In the following years, there were repeated studies that confirmed the decrease in the frequency of flu-like infections, but did not fulfill all the statistical requirements that are customary today. These include studies of kindergarten and school children. In recent years, Finnish studies have been impressive with their large number of test subjects, but in Finland you can hardly find a comparison group that does not go to the sauna. The lack of randomisation also proves to be a shortcoming here, because it is not possible, for example, to generalise the statement that the more often one goes to the sauna during the week, the lower the risk of a whole range of diseases. It may also be that healthier people go to the sauna more often. The Finnish findings are therefore extremely exciting, but they also require verification through sophisticated research methodology.

In medicine, a distinction is made today between 4 levels of evidence and 3 classes of recommendations for action. From today’s perspective, we would derive evidence level IIa from the small number of high-quality but non-randomised studies on the preventive effect of the sauna against flu infections and thus the recommendation for action IIa, which means an acceptable and reasonable recommendation for the use of sauna as part of prevention.
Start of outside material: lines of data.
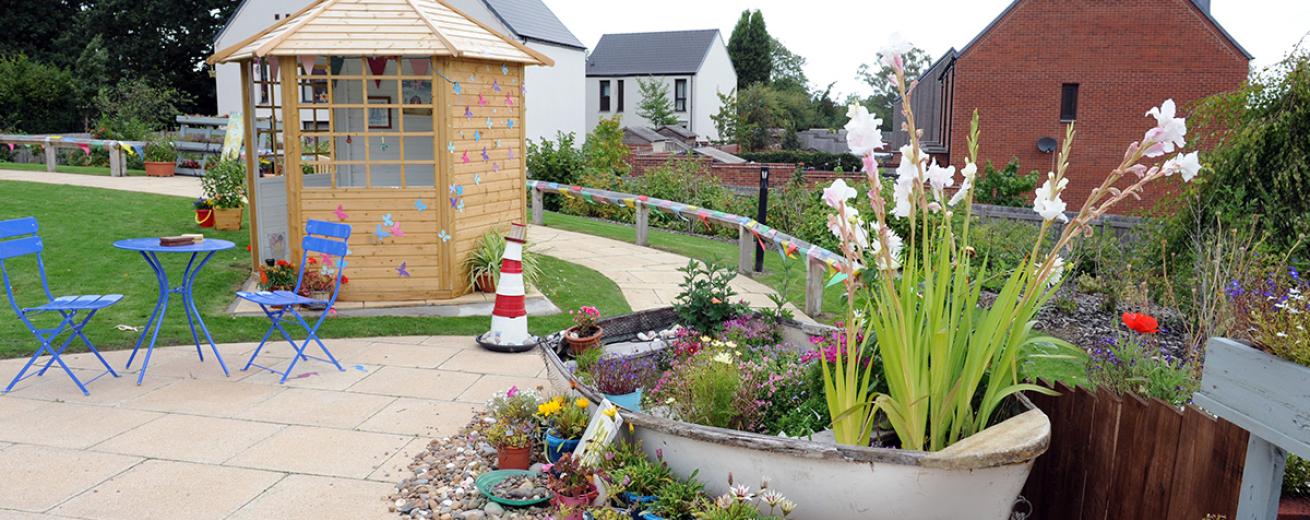 Lively flourishing garden with a large boat planter featuring an array of colourful mature plants. Surrounded by novelty wellington boot plant pot and pastel-coloured potted wildflowers. Petite stand-alone wooden garden room, with personal touches and a bold royal blue metal garden seating set.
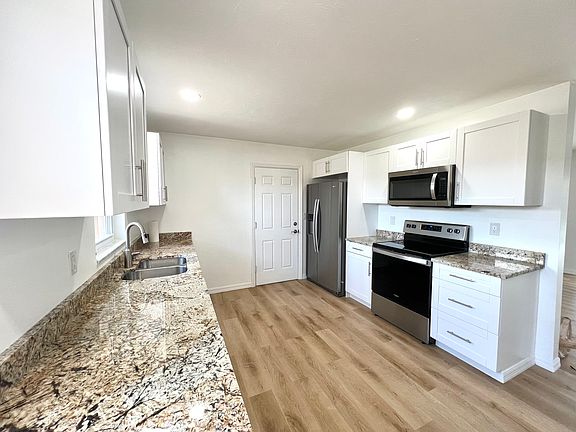 Kitchen looking toward garage door. All stainless steel appliances.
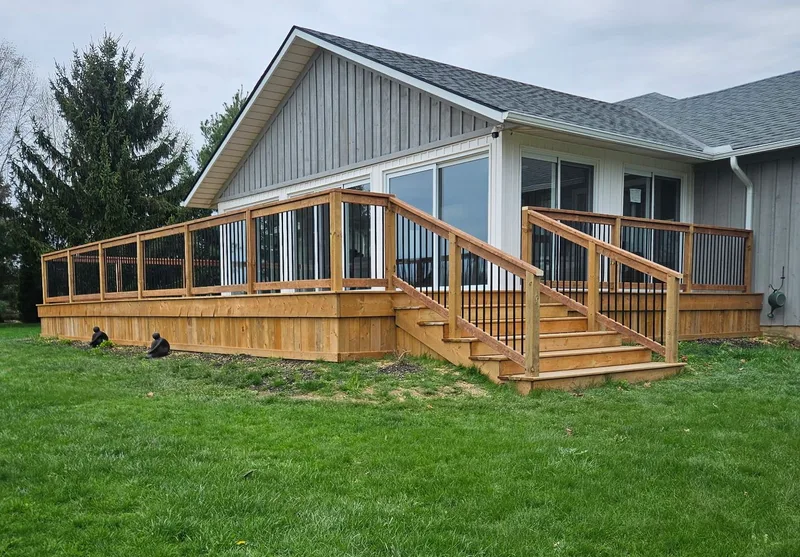 Finished deck, stairs and railing around a grey home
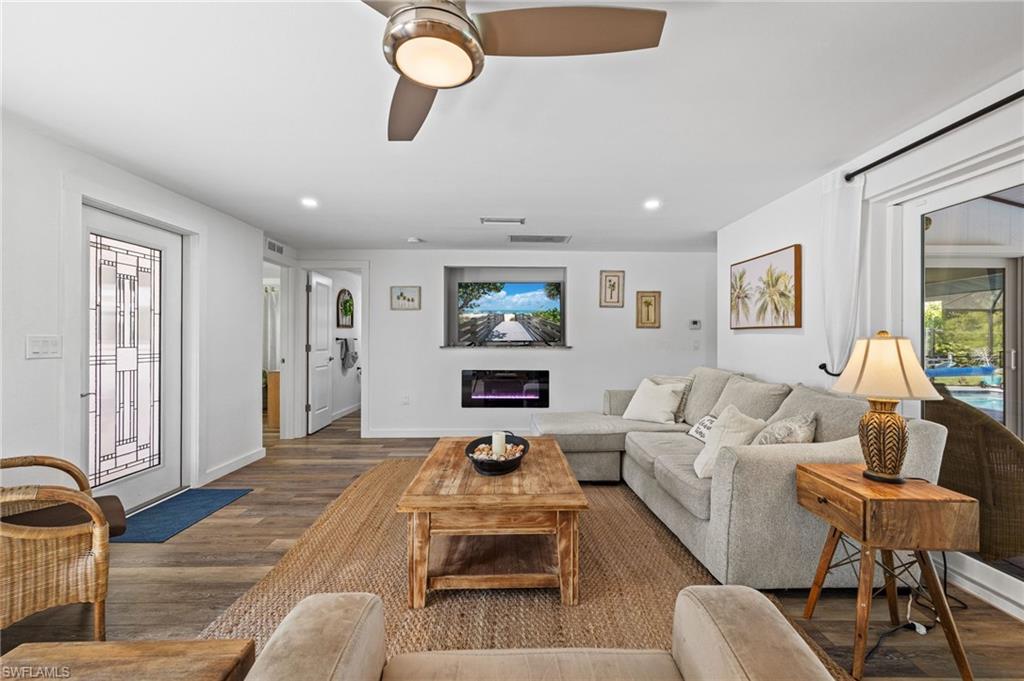 Wood-finish flooring throughout, with a decorative glass-paneled entry door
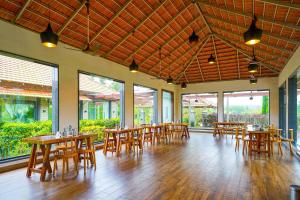 a restaurant with wooden tables and chairs and windows at Open Hotel by Olive - Biranji Aqua Reatreat in Chikmagalūr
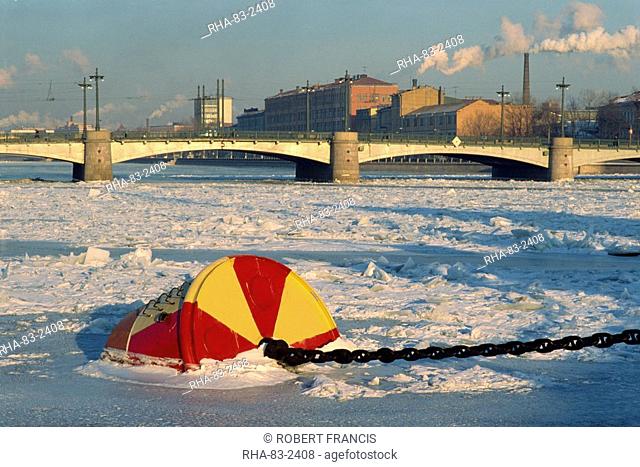 Buoy frozen into ice on the Bol'Shaya Nevka River, a tributary of the Neva, near the Svobody Bridge, St. Petersburg, Russia, Europe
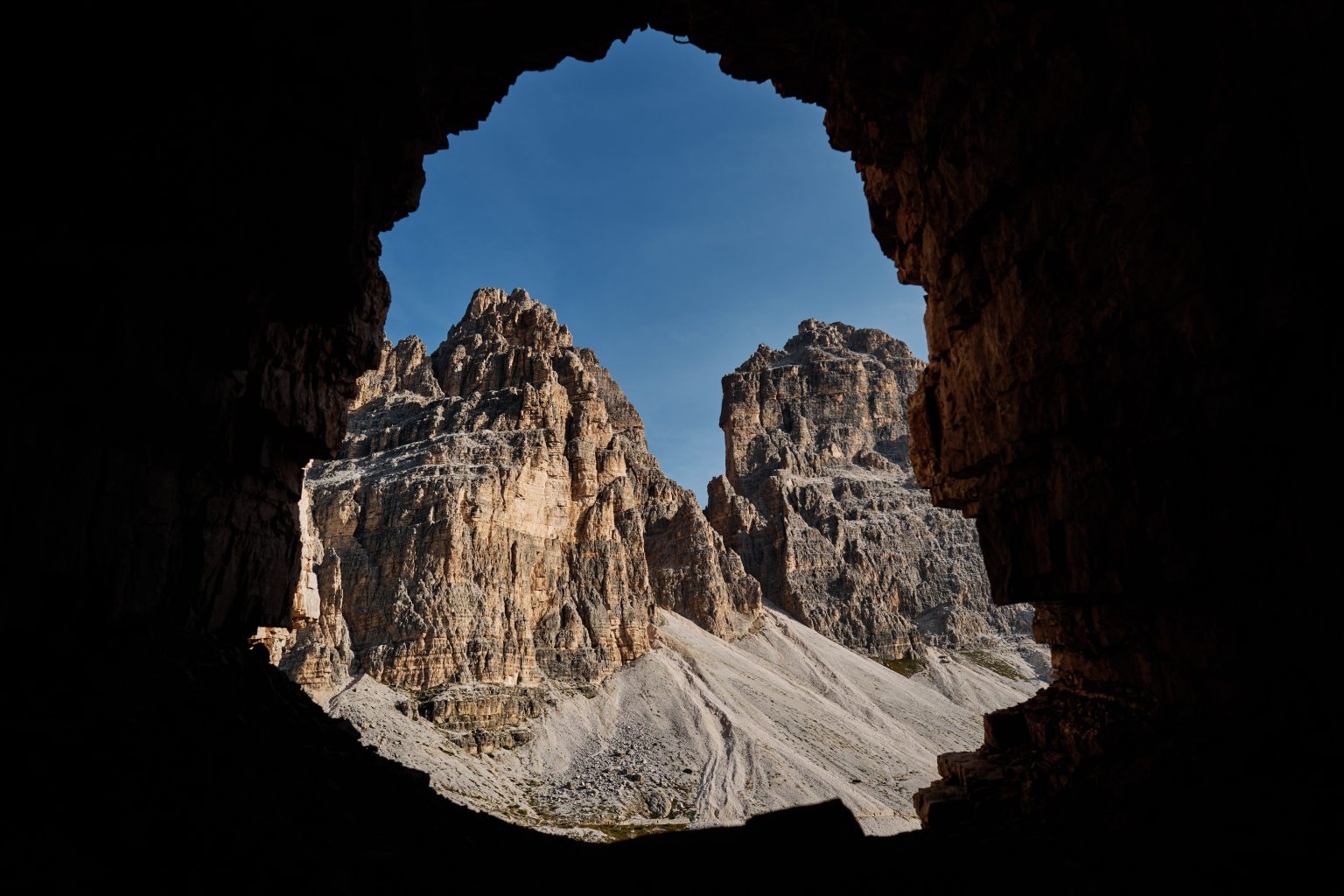 The three peaks framed through a rock arch, Tre Cime di Lavaredo
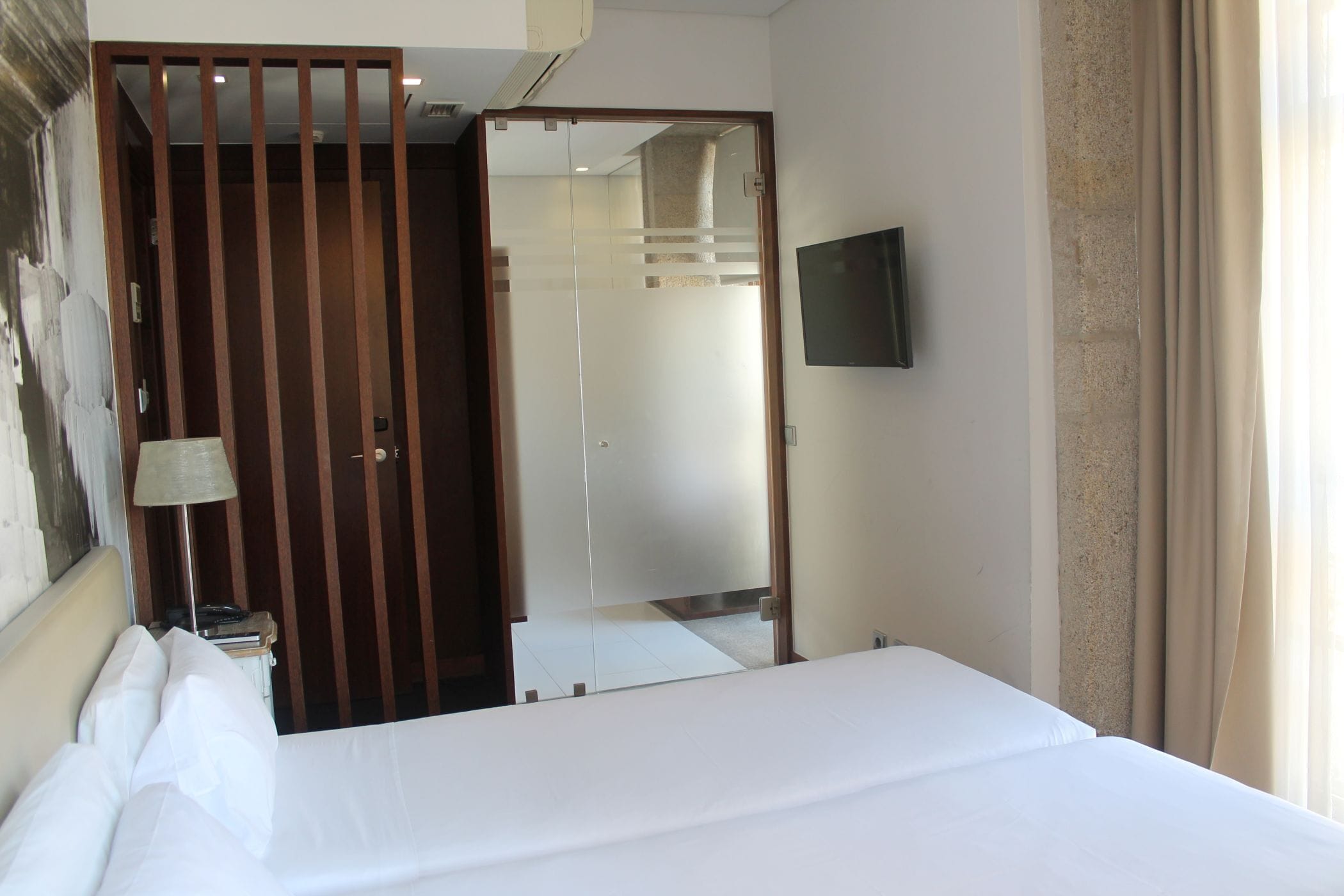 Habitación de hotel con cama, televisor montado en la pared, separador de madera y un espejo que refleja la habitación.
However, it should be pointed out that it is always about prevention, not cure. The sauna is not indicated as a therapy for an already existing infection with fever.
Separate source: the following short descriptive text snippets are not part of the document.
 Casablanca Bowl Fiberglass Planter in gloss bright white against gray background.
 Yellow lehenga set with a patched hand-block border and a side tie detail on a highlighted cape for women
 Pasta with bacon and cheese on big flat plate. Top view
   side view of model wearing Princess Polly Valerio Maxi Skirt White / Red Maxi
Studies on the physiological effects of sauna are much more extensive. When it comes to the topic of “resistance” to infections this much can be said for sure:

  • There is improvement of the blood flow regulation in the skin and mucous membranes and thus an increased defence against infections. A stimulation of the so-called endothelial cell function plays a role here, i.e., the cells that line the blood vessels and can at least widen the larger arterial vessels.
  • Stimulation of non-specific defence processes, such as immunoglobulin A production in the mucous membranes, interferon in the blood, killer cell activity in the blood and others. Specific antibody production seems to be less affected.
  • Change in the autonomic nervous system with a decrease in the tensile state of the sympathetic nervous system activated during stress.
  • Biochemical adaptations with better management of free radicals, which play a crucial role in inflammatory processes.
  • If viruses have already settled in the nasopharynx but have not yet led to an illness, they could ideally be inactivated by the heat stimulus.

In the immunological, physiological and biochemical fields, more and more specific and precise findings on the effects of warm and cold stimuli, and thus also of the sauna, are being investigated and published. From our point of view, however, one focus of sauna research in the next few years should also be on the field of epidemiology, i.e., on clarifying beyond doubt whether, for example, regular sauna use leads to a lower susceptibility to viral infections. The question of frequency and duration of sauna visits should also be included in the investigations. Growing knowledge of subtle mechanisms is of particular interest when there is also clear evidence of a lower susceptibility to disease or a milder course of disease.